Acho que ainda não está ultrapassado. A colonização é doentia, não só para o colonizado, como para o colonizador e se do ponto de vista da educação escolar, não houver critérios que ajudem as crianças a ultrapassá-lo irá ficar sempre enraizado. Há o problema dos pais que eventualmente terão vivido a colonização e cuja ideia nunca é sadia. Depois acho que a única forma de o ultrapassar é através da escola e da educação, que aí terá um papel muito forte de fazer acreditar as crianças que a colonização fez parte de uma época histórica, para que se desfaça este mau estar existente. Crianças que não viveram a colonização têm uma ideia falsa através daquilo que lhes é dito, como se o mundo fosse feito de bons e maus.
A sociedade conseguiu transformar essa realidade em algo mais actual?
Não me parece. Eu acho que quando há situações de bem estar tudo flui, mas quando estamos em crise, volta a vir ao de cima. Acho que as sociedades ocidentais ainda não o conseguiram ultrapassar. Neste momento há um regresso aos países potencialmente mais ricos das antigas colónias, como Angola e Moçambique, e do ponto de vista político há governantes que incentivam esta realidade. O problema está na integração e no funcionamento desta interligação. Há 15 anos Portugal estava numa situação confortável e muitos brasileiros começaram a vir para cá, mas havia algum chauvinismo em relação aos mesmos. Actualmente acontece o contrário, os portugueses estão a ir para o Brasil. Estando bem ou mal a interligação deveria ser mais forte.
Há uns anos atrás assistia-se a um preconceito relativamente a namoros de brancos com negros. Este continua a existir?
Muito menos, acho que os jovens de hoje têm uma mentalidade mais aberta, independentemente dos pais terem esse preconceito. A vida mudou muito, antigamente as turmas também se dividiam entre rapazes e raparigas. Hoje são mistas e essa ligação ajuda a uma relação mais fácil e natural.
O colonialismo prossegue de alguma forma como um estigma?
Em algumas cabeças sim, mas é relativo. Acho que há pessoas que o ultrapassaram pela sua vivência, forma de estar e educação e outras que não. Politicamente pode haver uma conjugação de forças que queira que sim, mas individualmente não. No entanto hoje existe muito mais comunicação, a televisão chega a todo o lado e as pessoas são muito mais informadas do que há 40 anos atrás.
O teu primeiro filme “O Herói” é completamente diferente do “Grande Kilapy”. “O Herói” é um filme mais neo-realista sobre o pós-guerra em Luanda e este é uma extravagância fantasiosa com laivos políticos…

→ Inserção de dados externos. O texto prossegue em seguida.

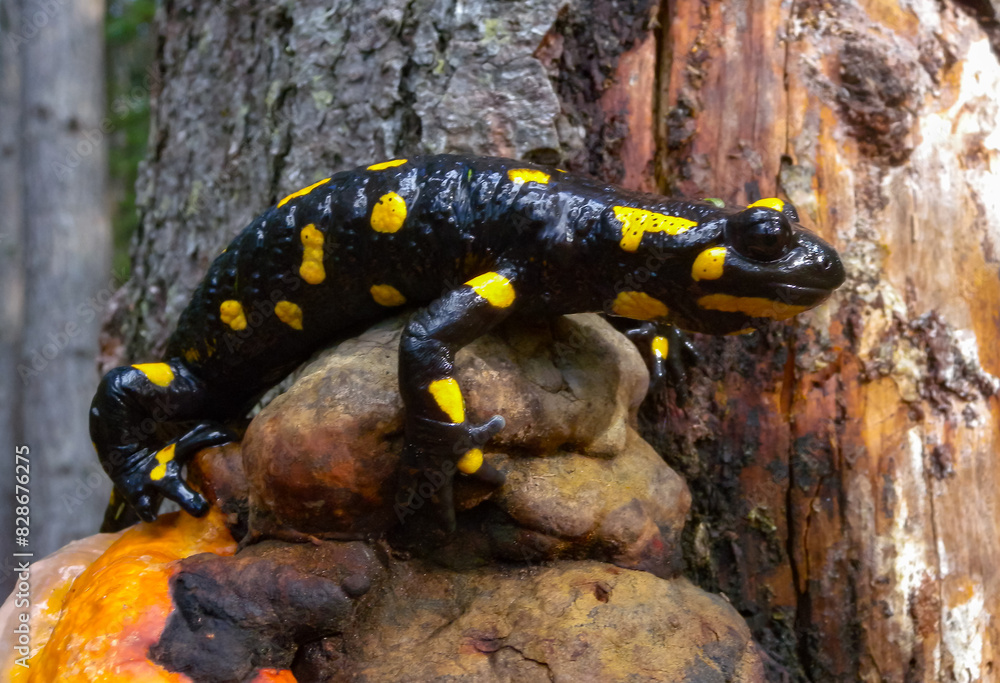 Fototapeta premium The fire salamander (Salamandra salamandra) in the forest near the city of Yaremche, Ivano-Frankivsk region, Ukraine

“O Herói” é uma história inspirada numa fotografia que a agência Reuters faz de um mutilado de guerra, deitado numa rua de Luanda com uma prótese ao lado, e é a partir daí que nasce o filme. Esta imagem traz-nos uma realidade que é comum numa Luanda pós colonial. Houve uma guerra civil muito violenta, que durou até 2002, e que deixou marcas profundas na sociedade angolana. Partimos dessa ideia para mostrar como era a vida socialmente e as dificuldades que as pessoas poderiam ter, no caso dos jovens que eram obrigados a ir para a guerra. Muitos deles ficaram mutilados, outros morreram e eu quis fazer esta história. “O Grande Kilapy” é uma história política e de aventuras, que retrata outra Angola, menos neo-realista. Nas cidades as pessoas viviam como se não existisse guerra, o que dava um falso bem-estar porque objectivamente não sentiam a guerra. 90% dos angolanos não tinham noção política, na cabeça deles eram portugueses, embora pudessem sentir que algo estava errado.
Tendo em conta que os teus dois filmes são completamente diferentes, como será um terceiro?
Não sei qual vai ser o terceiro filme, mas tenho pelo menos três histórias para contar. Tudo vai depender do financiamento do ICA, e estando na situação em que se encontra não sei como é que tudo se vai desenvolver. No entanto todas as histórias que tenho para contar se passam na pós-independência de Angola e estão mais próximas do “Herói”, não sendo neo-realistas.